Alors que la guerre en Ukraine s’enlise depuis bientôt trois ans, les diplomates occidentaux se tournent vers l’histoire contemporaine. Leur quête ? Dénicher des pistes pour sortir de l’impasse et parvenir enfin à des négociations de paix entre Kiev et Moscou. Deux précédents historiques reviennent avec insistance : l’adhésion de la RFA à l’OTAN en 1955 et la neutralité de la Finlande pendant la Guerre froide.
L’invasion russe de l’Ukraine le 24 février 2022 a plongé l’Europe dans un conflit d’une ampleur inédite depuis la Seconde Guerre mondiale. Malgré le soutien militaire et économique massif des Occidentaux à Kiev, aucune issue ne semble se dessiner. Mais l’espoir renaît avec l’élection de Donald Trump à la présidence américaine, qui promet un accord « en 24 heures ».
Le scénario « RFA 1955 » pour l’Ukraine
Anticipant de futures négociations, le président ukrainien Volodymyr Zelensky a proposé un compromis audacieux. Il appelle l’OTAN à garantir la sécurité des régions encore sous contrôle de Kiev, soit environ 82% du territoire. En contrepartie, il serait prêt à renoncer temporairement aux zones occupées par la Russie.
Ce scénario rappelle furieusement l’adhésion de la RFA à l’Alliance atlantique en 1955, régulièrement citée ces derniers mois par diplomates et experts. Intégrer l’OTAN revenait alors pour la RFA à renoncer à une réunification rapide avec la RDA voisine. Une concession territoriale en échange de garanties de sécurité limitées à la RFA, afin d’éviter une déflagration entre blocs de l’Est et de l’Ouest.
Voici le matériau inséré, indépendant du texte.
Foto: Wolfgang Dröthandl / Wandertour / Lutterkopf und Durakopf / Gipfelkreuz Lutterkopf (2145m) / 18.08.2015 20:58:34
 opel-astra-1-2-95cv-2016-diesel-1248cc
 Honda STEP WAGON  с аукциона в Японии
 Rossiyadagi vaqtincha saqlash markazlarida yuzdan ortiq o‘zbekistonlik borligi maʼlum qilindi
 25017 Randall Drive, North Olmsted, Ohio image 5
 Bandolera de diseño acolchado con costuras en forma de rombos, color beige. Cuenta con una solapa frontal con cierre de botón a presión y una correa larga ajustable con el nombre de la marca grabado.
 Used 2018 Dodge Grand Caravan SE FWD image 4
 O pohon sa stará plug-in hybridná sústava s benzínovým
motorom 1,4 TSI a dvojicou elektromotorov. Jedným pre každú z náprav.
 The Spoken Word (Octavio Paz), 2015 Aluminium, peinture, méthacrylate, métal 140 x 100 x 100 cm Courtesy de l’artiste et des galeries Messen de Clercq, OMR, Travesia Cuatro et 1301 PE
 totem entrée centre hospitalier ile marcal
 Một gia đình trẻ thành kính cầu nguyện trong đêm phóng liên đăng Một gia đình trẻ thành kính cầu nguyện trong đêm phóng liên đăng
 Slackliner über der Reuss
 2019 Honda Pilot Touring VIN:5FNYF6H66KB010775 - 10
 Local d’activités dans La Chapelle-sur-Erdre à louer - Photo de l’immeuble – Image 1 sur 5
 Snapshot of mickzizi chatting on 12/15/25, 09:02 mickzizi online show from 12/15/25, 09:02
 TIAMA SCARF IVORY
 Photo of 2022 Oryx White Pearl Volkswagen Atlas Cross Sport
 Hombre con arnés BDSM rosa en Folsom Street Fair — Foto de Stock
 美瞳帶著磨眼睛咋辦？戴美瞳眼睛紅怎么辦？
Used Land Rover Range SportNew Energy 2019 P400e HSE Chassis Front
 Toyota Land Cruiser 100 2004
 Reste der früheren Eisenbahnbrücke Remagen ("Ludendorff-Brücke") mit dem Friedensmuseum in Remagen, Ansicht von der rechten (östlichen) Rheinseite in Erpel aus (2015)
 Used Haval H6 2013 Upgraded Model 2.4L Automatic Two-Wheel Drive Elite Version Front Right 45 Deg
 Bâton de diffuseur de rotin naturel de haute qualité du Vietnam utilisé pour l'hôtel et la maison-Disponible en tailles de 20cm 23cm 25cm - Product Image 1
La « finlandisation », une autre voie ?
Mais pour certains observateurs, le parallèle avec l’Ukraine présente des limites. Ils suggèrent plutôt de s’inspirer de l’expérience finlandaise après 1945. Par un traité signé en 1948 avec l’URSS, la Finlande avait accepté une stricte neutralité en échange de son indépendance.
Ce qui est très d’actualité dans l’expérience finlandaise, c’est la façon dont ce pays a construit une armée extrêmement efficace, pour que la Russie comprenne que si elle décidait de l’attaquer, la guerre serait sanglante.
John Lough, spécialiste de la Russie à Chatham House
Un modèle pour l’Ukraine de demain ? Renoncer à l’OTAN mais bâtir une défense nationale puissante, voilà qui pourrait être acceptable par Moscou tout en préservant la souveraineté de Kiev. Reste que selon les experts, aucune analogie historique n’est parfaite.
Des leçons de l’histoire à manier avec précaution
C’est une bonne chose de s’appuyer sur des analogies historiques pour réfléchir aux solutions possibles, mais elles sont souvent trompeuses.
Tuomas Forsberg, professeur en relations internationales à l’Université d’Helsinki
Car au-delà des similitudes, les différences sont profondes. En 1955, la RFA n’était pas envahie et occupée comme l’est aujourd’hui l’Ukraine. Et Staline n’avait pas pour but de soumettre toute la nation finlandaise, contrairement à Poutine avec l’Ukraine selon nombre d’analystes.
Pourtant, à défaut de fournir une solution clé en main, ces précédents historiques offrent un cadre de réflexion précieux. Ils rappellent que des compromis douloureux sont parfois nécessaires pour préserver la paix et l’essentiel. Une leçon d’humilité et de réalisme, à méditer en ces temps troublés.